Table-based sharding

[[sharded_tables]]
database = "prod"
table = "users"
column = "id"
data_type = "bigint"

The table users is sharded on the column id, which has the data type BIGINT. Queries that reference that column will be automatically routed to one or more of the shards:

SELECT users.* FROM users
INNER JOIN orders ON orders.user_id = users.id
WHERE users.id = $1

All queries that reference the "users"."id" column will be routed to the correct shard(s) automatically.

Column-based sharding

[[sharded_tables]]
database = "prod"
column = "user_id"
data_type = "bigint"

In this example, the table name is omitted so all tables that have the user_id column (data type BIGINT) will be routed automatically to the right shard(s):

INSERT INTO orders (user_id, amount) VALUES ($1, $2) RETURNING *

This works especially well if you are following a convention for your column names. For example, user_id would typically be a foreign key reference to "users"."id", which would be referenced from almost all tables. Following a convention for naming columns allows to keep the configuration short and error-free.

Data types

Currently, PgDog supports sharding BIGINT (and BIGSERIAL), UUID, VARCHAR (and TEXT) and vector.

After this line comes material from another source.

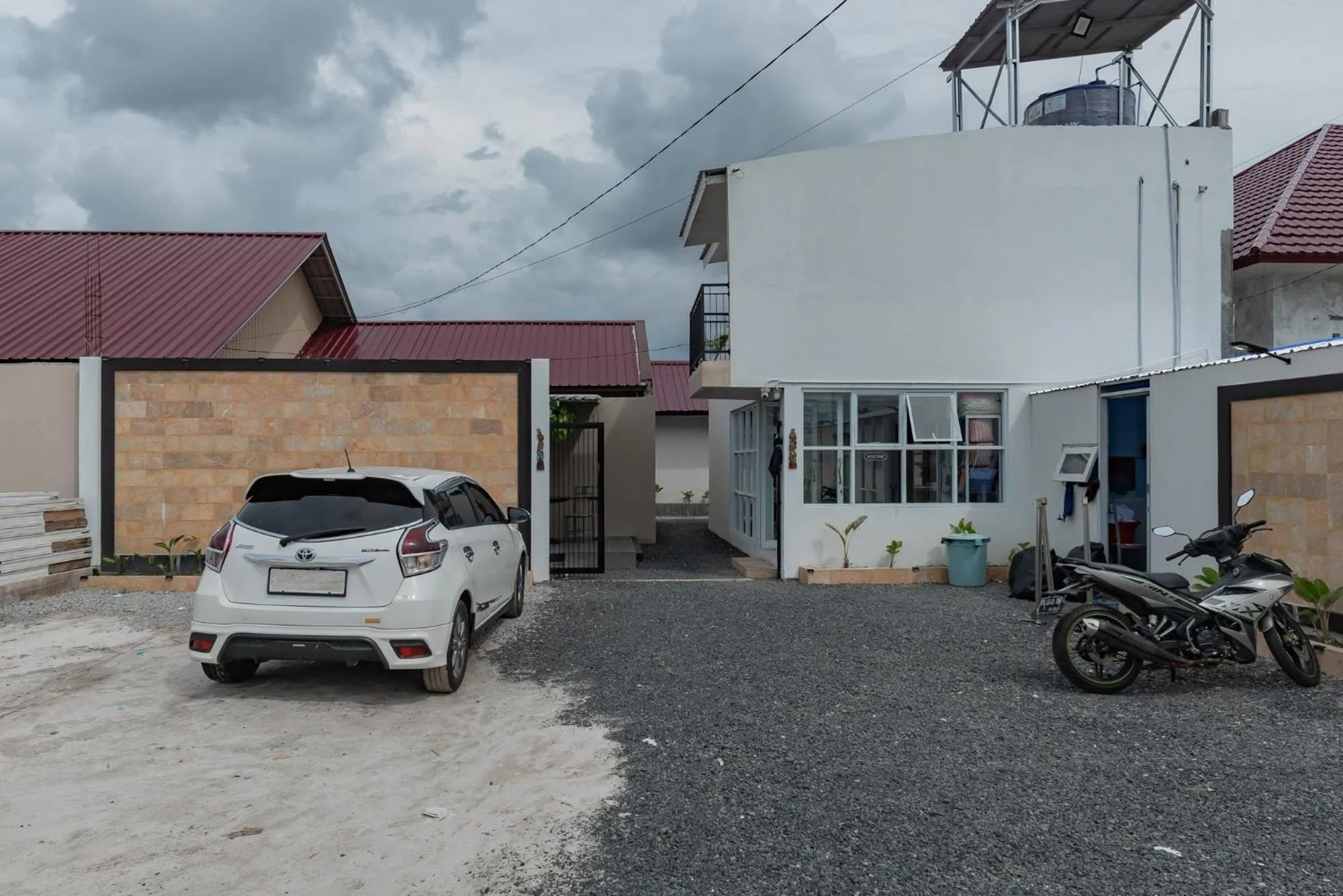 Property building in Urbanview Hotel Yoga Palangkaraya by RedDoorz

The data type for each column must be specified so PgDog can correctly decode it in each query.

Fields

database

The name of the database in [[databases]] section in which the table is located. PgDog supports sharding thousands of databases and tables in the same configuration file.

table

The name of the PostgreSQL table. Only columns explicitly referencing that table will be sharded.

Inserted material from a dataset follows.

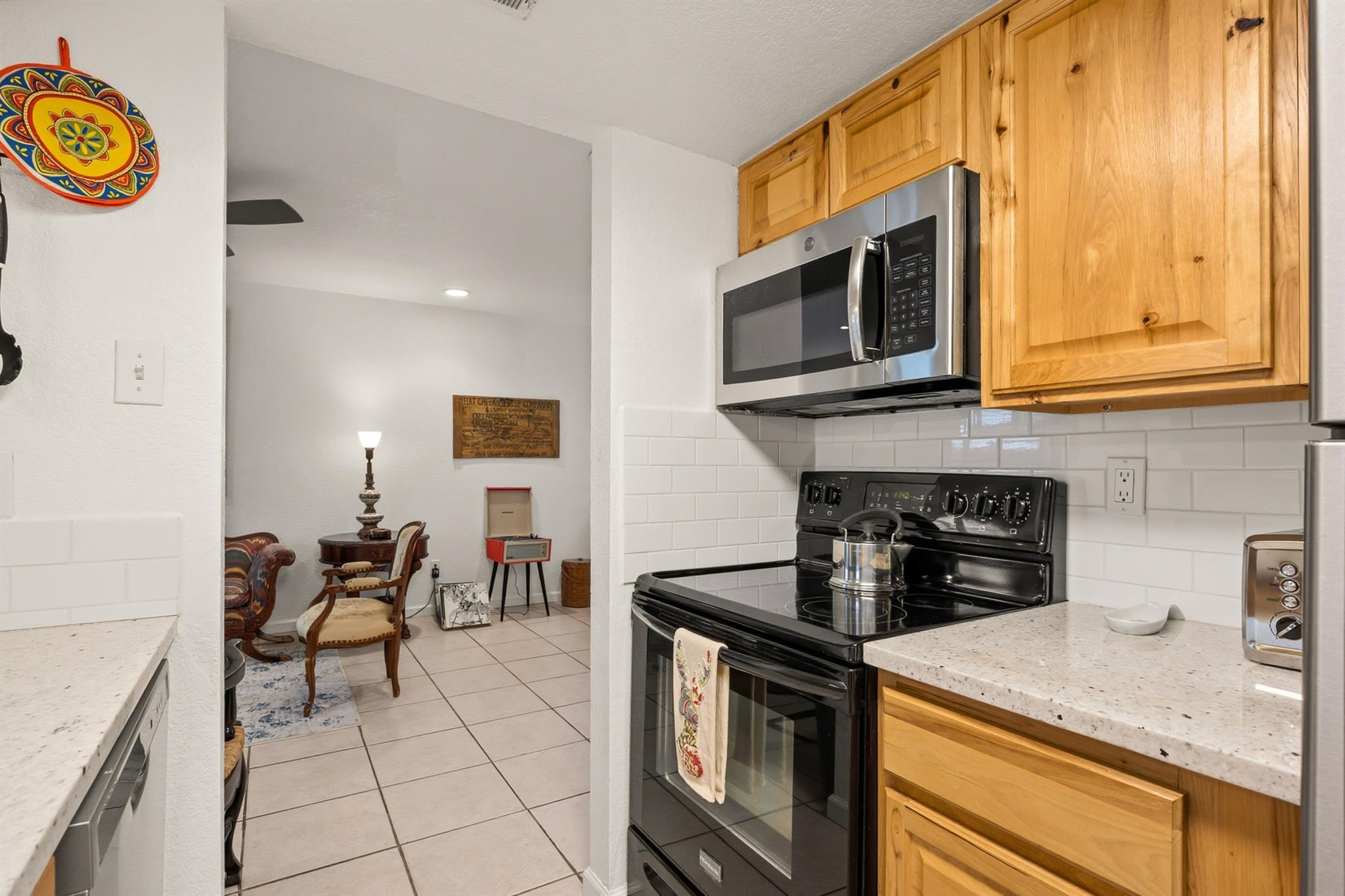 4 Cypress Fairway Vlg, Wimberley, TX 78676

The name must not contain the schema name, just the table name. Disambiguating tables in different schemas isn't currently supported and all of them will be sharded.

column

The name of the sharded column.

data_type

The data type of the column. Currently supported options are:

  • bigint
  • uuid
  • varchar
  • vector

Omnisharded tables

Omnisharded tables are tables that have the same data on all shards. They typically are small and contain metadata, e.g., list of countries, cities, etc., and are used in joins. PgDog allows to read from these tables directly and load balances traffic event across all shards.

Example

[[omnisharded_tables]]
database = "prod"
tables = [
    "settings",
    "cities",
    "terms_of_service",
    "ip_blocks",
]

All queries referencing only these tables will be sent to one of the shards, using the round robin algorithm. If the query contains a sharding key, it will be used instead and omnisharded tables will be ignored by PgDog's query parser.

Shard by list and range

By default, PgDog uses hash-based sharding, with data evenly split between shards. If you want to organize your data differently, you can use list-based and range-based sharding. List-based sharding uses the same algorithm as Postgres' PARTITION BY LIST and range-based uses PARTITION BY RANGE.

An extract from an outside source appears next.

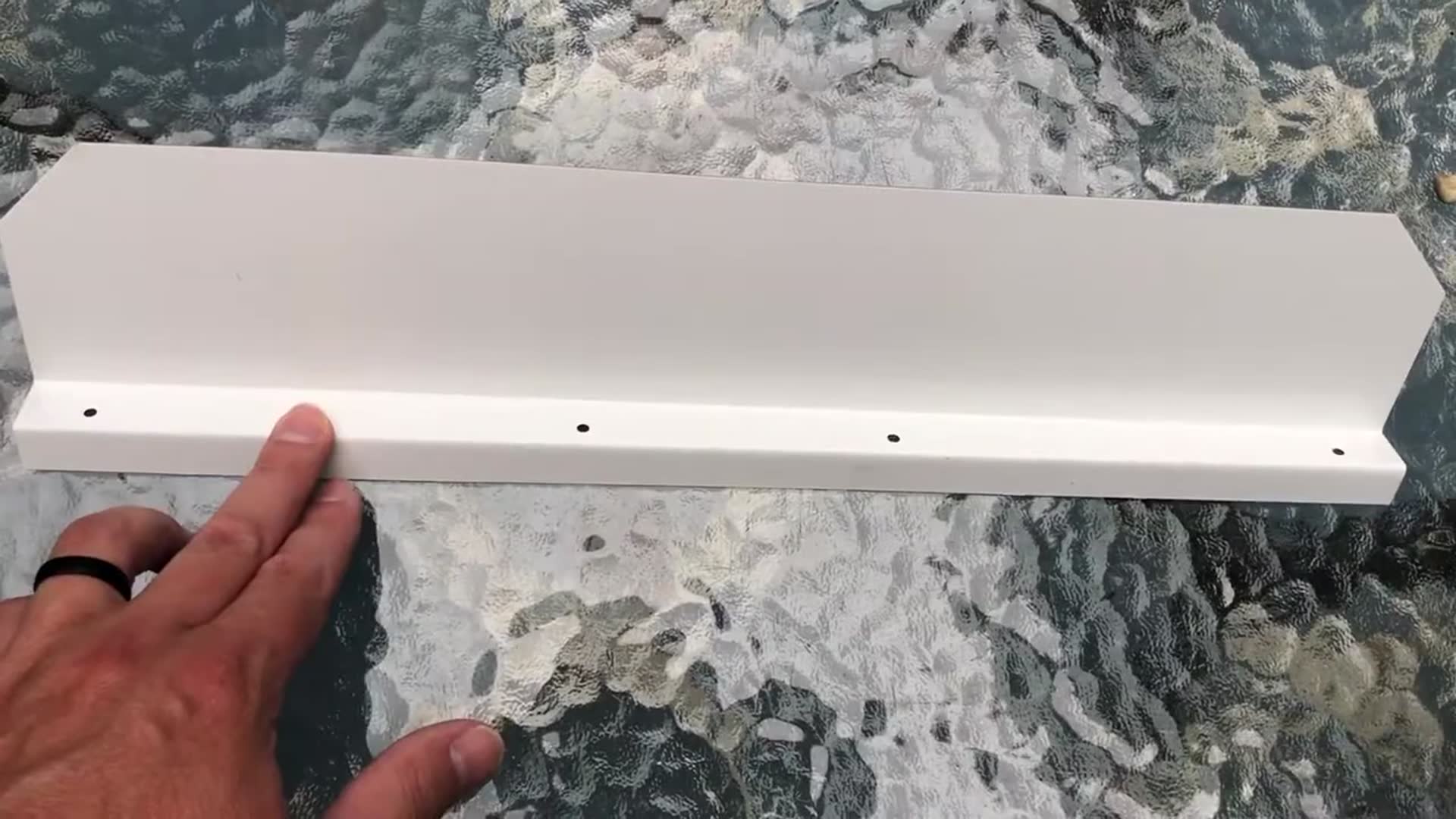 Video thumbnail for How to Install A Gutter Splash Guard(720P_60FPS)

To configure either one, you need to specify the value-to-shard mapping in the configuration.

Lists

[[sharded_mapping]]
database = "prod"
column = "tenant_id"
values = [1, 2, 3, 4, 5]
shard = 0

Lists are defined as a list of values and a corresponding shard number. Just like sharded tables, the mapping is database and column (and optionally, table) specific.

All queries that match the values defined in the mapping will be routed to that specific shard:

UPDATE users SET last_login = NOW()
WHERE tenant_id = 4 AND user_id = 1235

Range

[[sharded_mapping]]
database = "prod"
column = "tenant_id"
start = 1
end = 100
shard = 0

Ranges are defined with a starting value (included) and the end value (excluded), just like PARTITION BY RANGE in Postgres. All sharding key values matching the range will be routed to the specified shard:

UPDATE users SET deleted_at = NOW()
WHERE tenant_id IN (1, 2, 5, 10, 56)